I love Mora's hire here all the more, even without knowing a whole lot about Alosi as a strength coach, other than that he seems highly respected by a number of NFL players.
As you long-time readers know, I am a big second-chance guy. I believed LeGarrette Blount deserved a second chance. I believed Rick Neuheisel deserved a second chance. I think the ranting and raving of absolutists who act like everything is black-and-white is a pose, one that my life experience has often found to be situational and hypocritical.
But this isn't about praising Mora for giving a guy a second chance. It's about Mora doing what he wants to do with his team and not fretting the PR angles. This is a revealing moment that Bruins fans should feel good about.
Here's a secret of all good head coaches: They insist on autonomy. They hire who they want to hire. They don't allow administrators to dictate whom they hire. Sure, there are obvious parameters -- felonies and NCAA violations tend to disqualify assistant coaching candidates. But the quickest and surest path to failure is a new head coach taking a job and then being steered to hire assistants he doesn't know.

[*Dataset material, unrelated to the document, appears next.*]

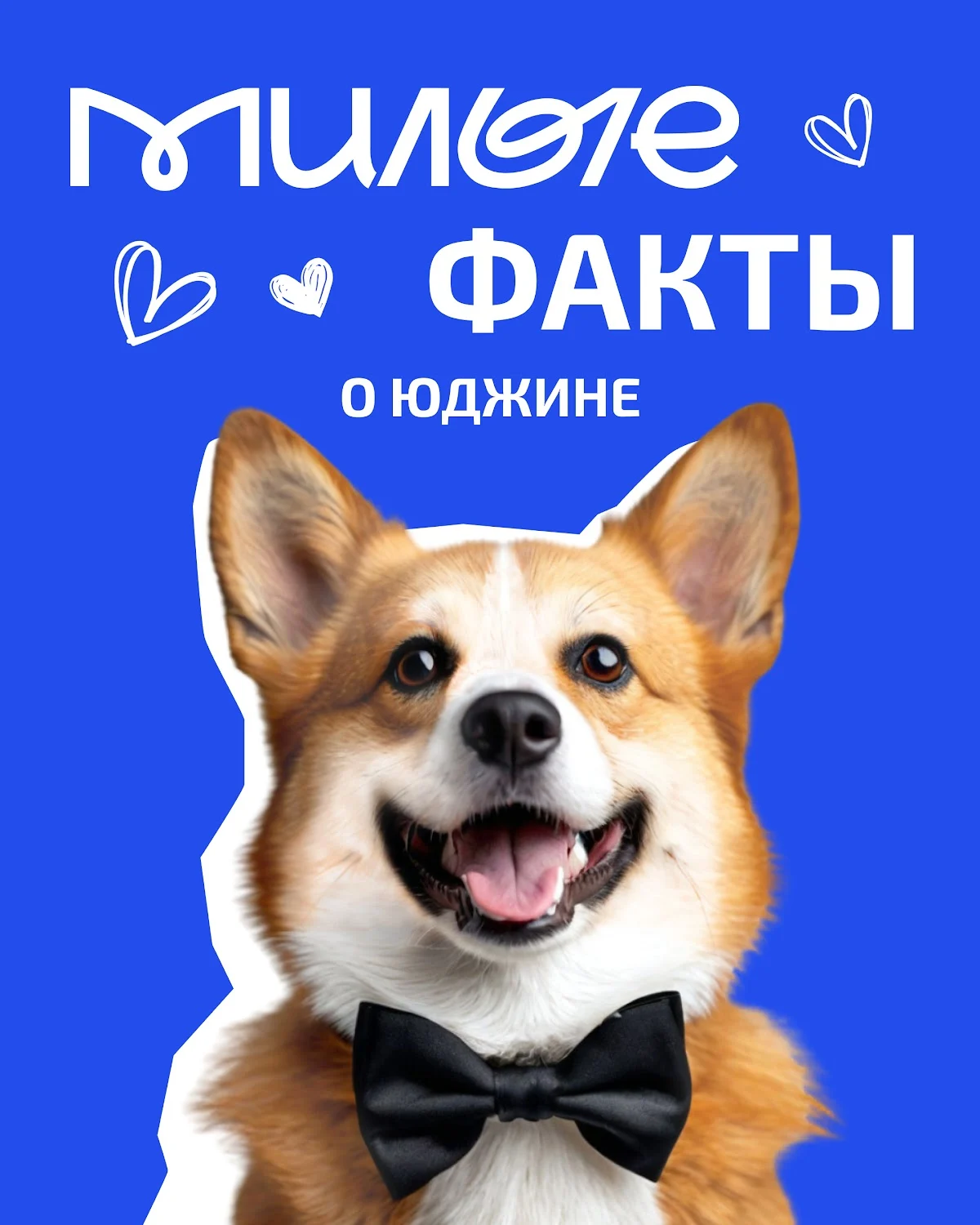 Маскот Юджин и шаблон новинок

Perhaps the most important quality for a head coach is being a good CEO, and the first thing a good CEO does is hire the right people. He needs to build a cohesive unit that functions on efficiency. To do that, he needs to know whom he's hiring. How he works. How he takes suggestions and criticism. How he teaches and motivates. His work ethic, both on the field and in recruiting.

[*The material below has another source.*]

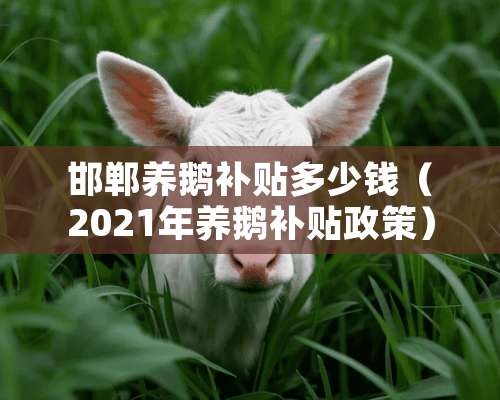 邯郸养鹅补贴多少钱（2021年养鹅补贴政策）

Further, it's also about loyalty. An assistant who isn't connected to a head coach often feels little reason not to undermine him "off-the-record" if things get tough.
The worst case I can think of was Terry Bowden at Auburn back in the 1990s. His fatal mistake was retaining assistants who worked for Pat Dye. That became a train wreck of epic proportions.

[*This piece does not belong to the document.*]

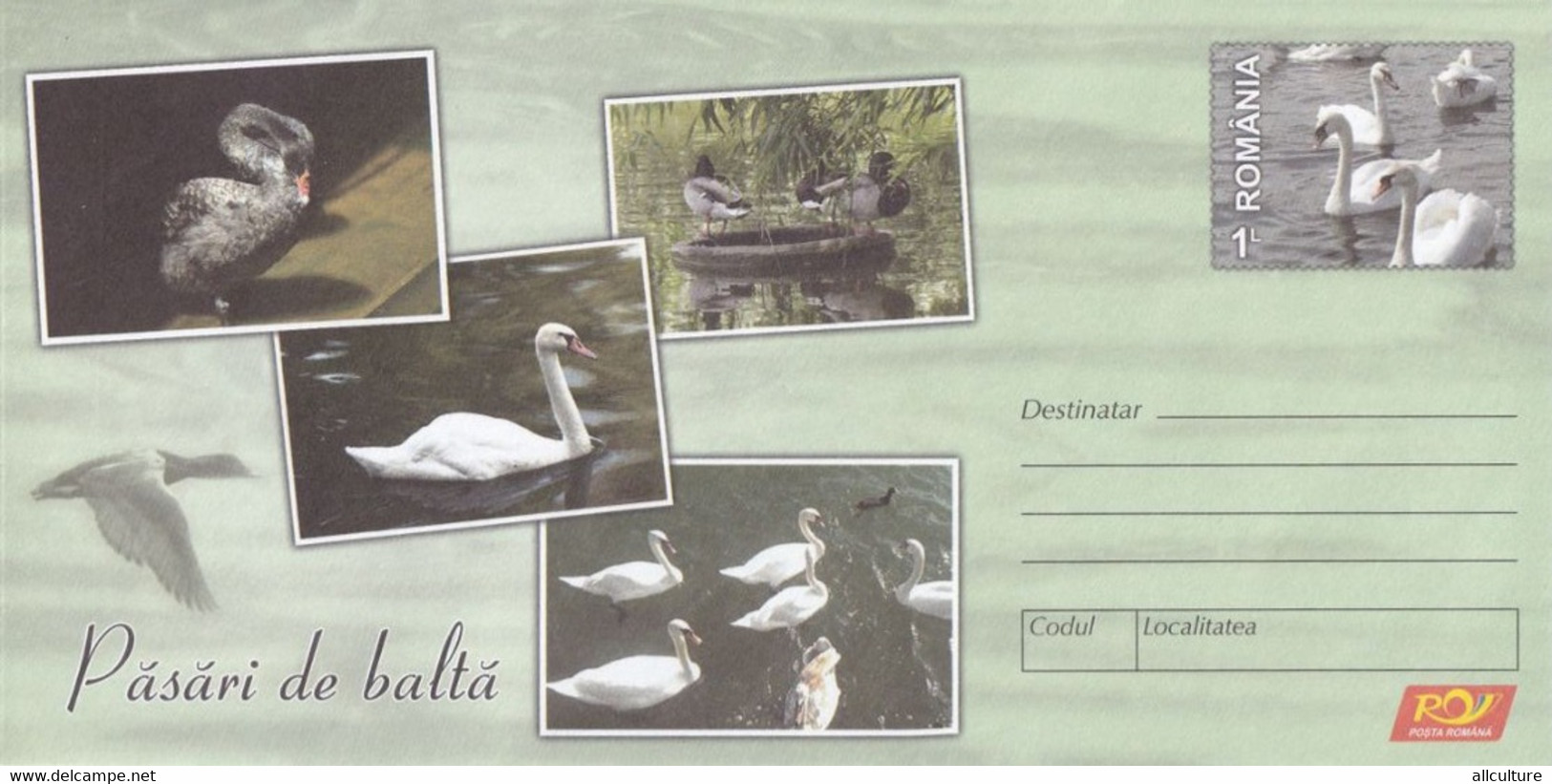 A8461- GEESE SWANS DUCKS - MARSH BIRDS, ROMANIAN COVER STATIONERY POSTAGE UNUSED - Oies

UCLA fans are well-aware of another: Neuheisel's second chance was a dream coaching his alma mater that turned into a nightmare, in large part because he agreed to hire Norm Chow as his offensive coordinator and retain DeWayne Walker as his defensive coordinator. Chow and Walker are outstanding coaches, no doubt. But they weren't Neuheisel's guys. A major part of the problem in Westwood the past four years was a lack of cohesion on the Bruins coaching staff.
Obviously, this isn't the same thing. We're talking about a strength coach, not a coordinator. But I am choosing to freight the hiring of Alosi with meaning, meaning that speaks well of Mora and the early — early! — trajectory of his tenure.
Mora wanted to hire Alosi. He knew there would be some negative blowback, and not without justification. But he met that blowback head-on, and now he's got a the strength coach he wanted.
And he's got a strength coach who probably feels pretty darn obligated to bust his rear end and repay Mora's faith in him with a finely conditioned football team.